It is not man that saves, but Jesus Christ.  If God says, “Not by might nor by power, but by my Spirit,” I knew that God could save my dear friends, relatives, and Japanese students I was about to meet. I was encouraged by the testimonies of my fellow WIT participants just before I left Los Angeles.

This summer, I will start a student ministry for Japanese students in Dallas. We are starting from scratch, gathering information and making connections with the students. In the process, we believe the Lord will give us seeds, water, and fruit. We would appreciate your prayers, as well as your support in providing information and other resources for students, including non-Christians!

Testimony from WIT22

“Blessings as WIT22 Staff”

Esther Kamura

It was a blessing to be on the WIT22 staff!
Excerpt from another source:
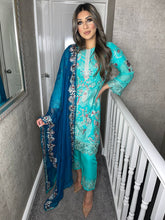 Load image into Gallery viewer, 3pc Ferozi Embroidered Shalwar Kameez with Teal Chiffon dupatta Stitched Suit Ready to wear KH-FEROZITEAL

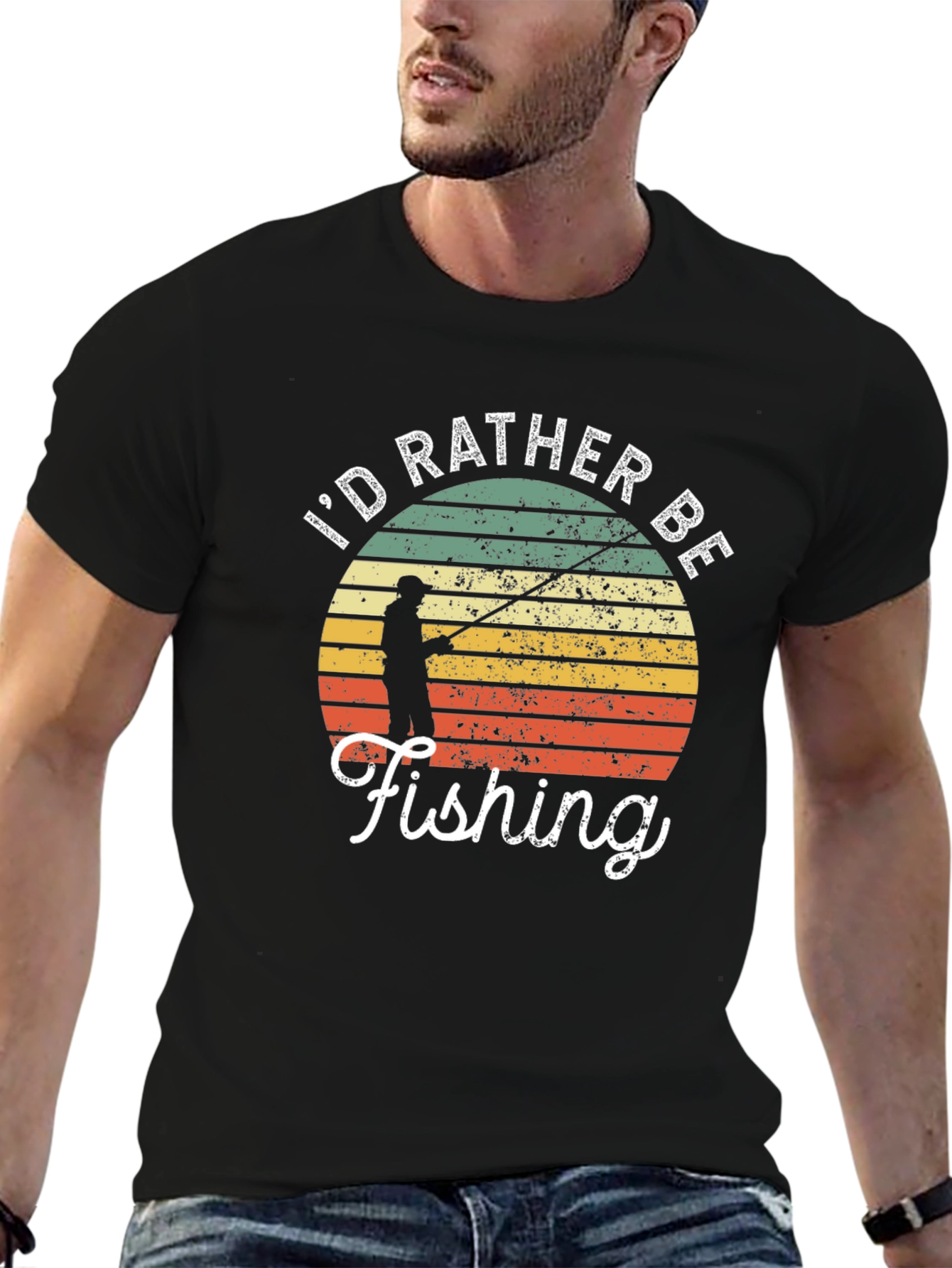 Black I'd Rather Be Fishing T-Shirt, Retro Angler Tee view 6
One of the reasons I was blessed was that I had so much time to prepare! (Yes, a plus. This is…)
This was a very valuable experience for me, simply because I don’t think it is very often that I have the opportunity to go into such depth on a single topic. We had been preparing since last October, and at the beginning the theme presented to us was just one word, “Fear,” so my first thought was, “That is too broad! I don’t get it!” (I’m sorry, Kou-kun. He was our director.)

We were forced to think and pray about this theme. But strangely enough, the Lord is truly a God who answers when I pray and ask, as His Word says, and He spoke to me in various ways. He spoke to me at every meeting and every time the framework of the program was created. Even in the midst of my everyday life, I was touched by God’s presence through the preparation for this WIT, and it was very fulfilling. It may not be an exaggeration to say that the words God spoke to me were truth, hope, and the power to live my daily life.

I also really enjoyed praying, praising, and listening to the testimonies of the participants during the WIT program. I was especially thankful and thrilled that we were able to pray for each other passionately and fervently even in small groups.

I was so thankful and impressed that we were able to dig deeper into this theme of “Fear!” I am grateful that together with staff, we were able to keep our eyes on the Lord as we listend to Him. Praise the Lord!